• _REQUIRED ACTION_
Look for the line containing "Now moving to" and the line containing "Now let us see" in the entries below. Copy those two and all lines between them exactly, leaving out pictures.

• _DATA EXTRACT_
□ □ □ □ □
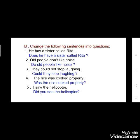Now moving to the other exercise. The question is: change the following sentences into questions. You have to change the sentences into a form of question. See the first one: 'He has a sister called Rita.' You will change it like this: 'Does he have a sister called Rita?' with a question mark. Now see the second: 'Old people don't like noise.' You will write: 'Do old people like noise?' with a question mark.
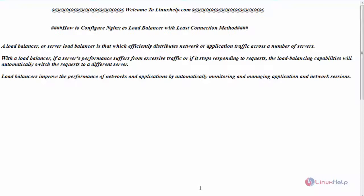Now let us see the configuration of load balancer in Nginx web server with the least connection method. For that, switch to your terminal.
□ □ □ □ □
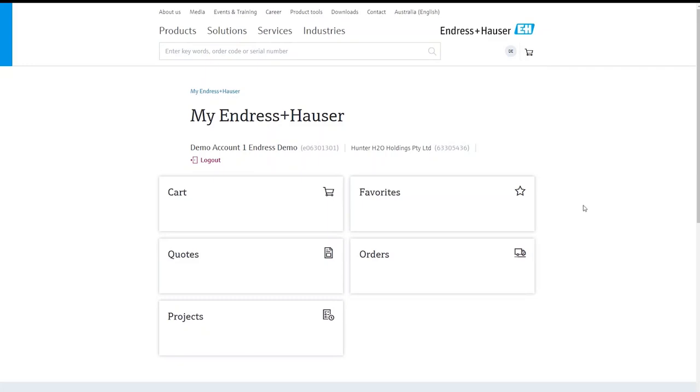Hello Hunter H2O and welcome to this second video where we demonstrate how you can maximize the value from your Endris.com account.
□ □ □ □ □
• _ANSWER TO THE EXERCISE_
Now moving to the other exercise. The question is: change the following sentences into questions. You have to change the sentences into a form of question. See the first one: 'He has a sister called Rita.' You will change it like this: 'Does he have a sister called Rita?' with a question mark. Now see the second: 'Old people don't like noise.' You will write: 'Do old people like noise?' with a question mark.
Now let us see the configuration of load balancer in Nginx web server with the least connection method. For that, switch to your terminal.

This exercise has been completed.